Sunday, November 20, 2011

Hardened Leather Armor

I have hardened leather by immersion in boiling wax, but I find that method can easily make the leather brittle. My preferred method is casing the leather and then letting it dry under conditions of dry heat, and then applying hot wax to protect it from moisture. I based this on Cennino Cennini's instructions for making leather crests.

Start with vegetable tanned leather. I have used 1/4 inch sole leather. Once cut to shape, I bevel the edges. Case the leather. Once cased, I round the edges with a plastic pulley wheel and tool the edge so it resembles a rolled edge on metal armor.

I shape the leather over a form. For open greaves, I made a Hydrocal cast of the front of my legs. For comfort, the form should have some extra flare above the instep. I used strips of cloth to force the leather around the form.

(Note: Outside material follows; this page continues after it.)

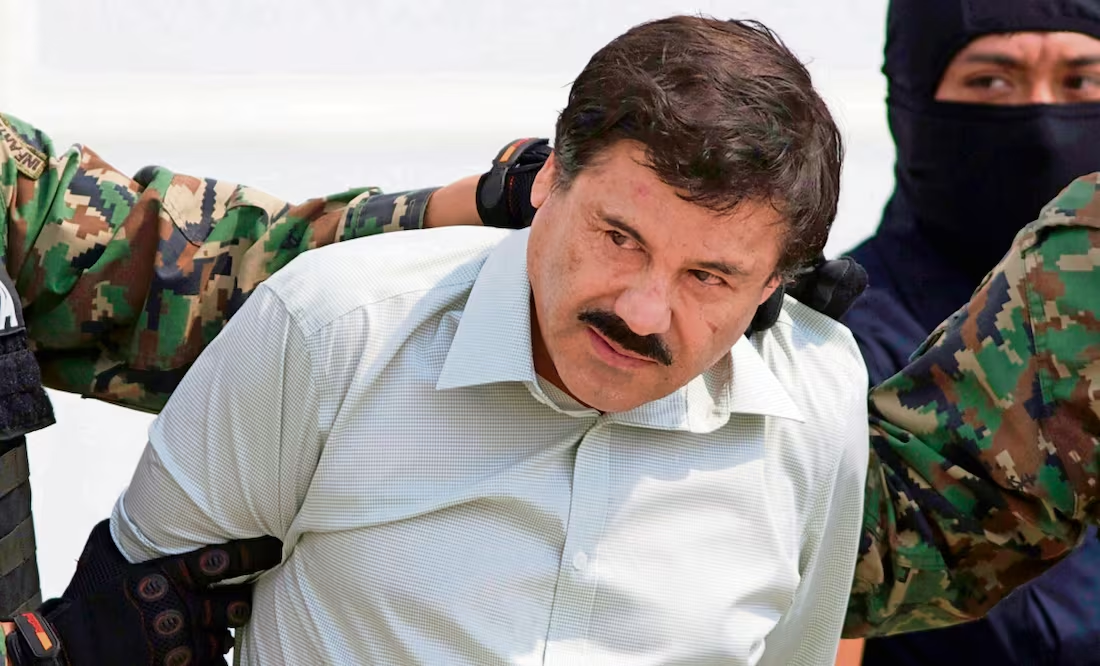 «El Chapo» pide nuevo juicio; alega «extradición ilegal» a EU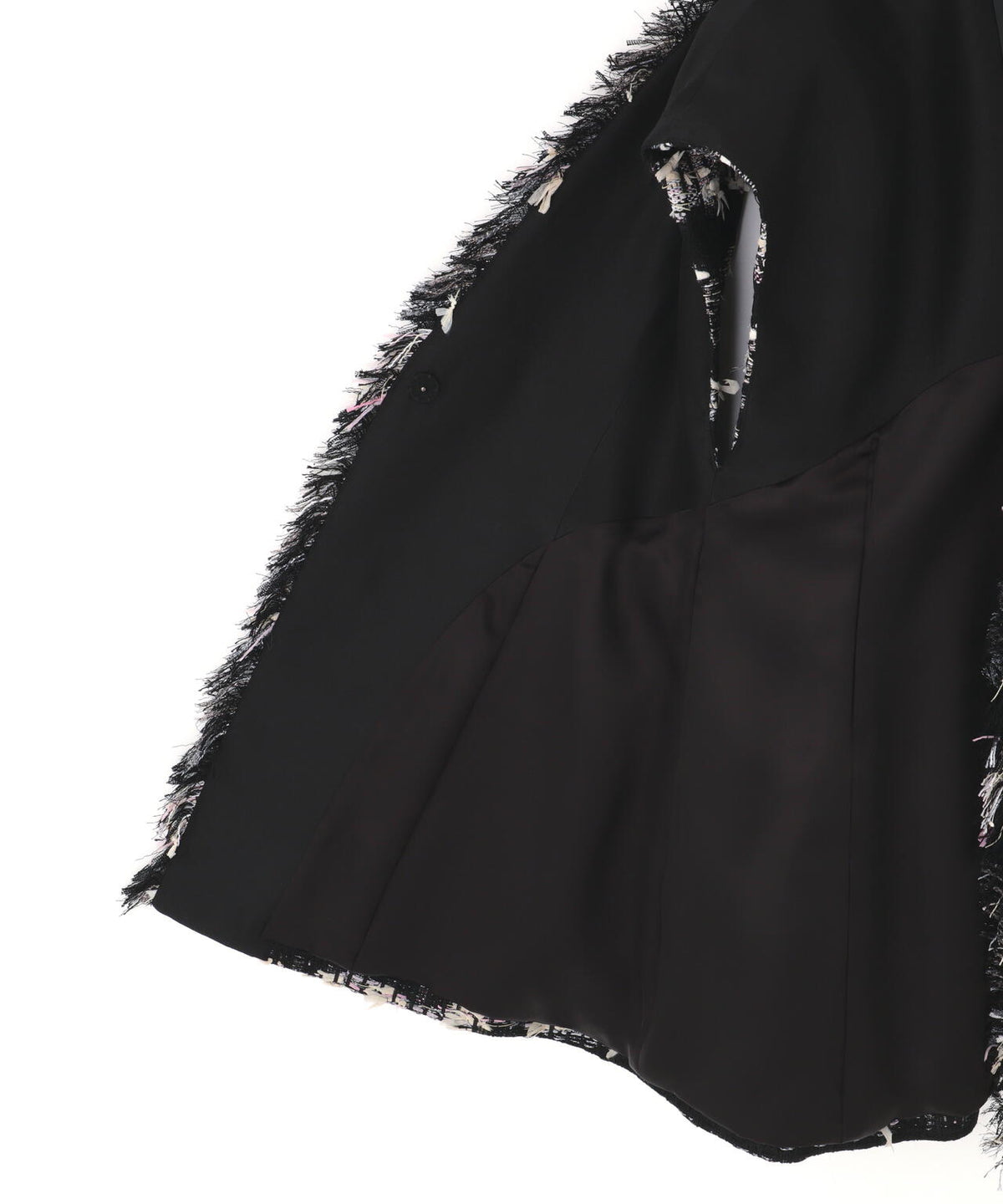 <BLACK LABEL>【MALHIA】ヘイジーサクラツィードジレ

Cennini tells you to put the leather in the sun for "a good many days". I left it in an oven set on "warm" until dry.

I dye the leather and then apply molten wax heated in a double boiler. I have used paraffin candle wax: beeswax would be more authentic but more expensive. Brush it on and then use a hair dryer to keep the wax liquid until it is absorbed by the leather. Repeat as necessary until the leather is coated well.

Finally, apply shoe polish the same color as your dye. Use the hair dryer to help it soak in, and polish as you would shine a shoe.

Update: visit Mark Carlson's fine site for much more.

1 comment:

Weekend_Viking said...

I've avoided using either beeswax or paraffin wax for leather hardening, in either full impregnation or just as a surface treatment, after doing various test cuts against spare fragments of wax hardened leather - compared to water hardened, the wax hardened leather tended to flex more under blunt impact, and to lubricate the cutting edge on the way through under sharp impact (not that any of us have to worry about sharp impacting objects too much).

So water hardening is the way to go, either by forced drying as you describe, or if you have adequate clampable forms to hand, by boiling. Vegetable tanned leather tends to undergo hardening/denaturing when heated to 80 degrees Celsius, while modern chromium tanned leathers will not harden/denature until around 110-120 degrees, so an oil or higher temperature brine mix is required.

The best hardened leather armour I ever had was heavy veg-tanned leather that had been left in a tin shed in Perth, Australia, for about a decade, which I then cut up for a coat of plates. Stuff was like rock, but not brittle.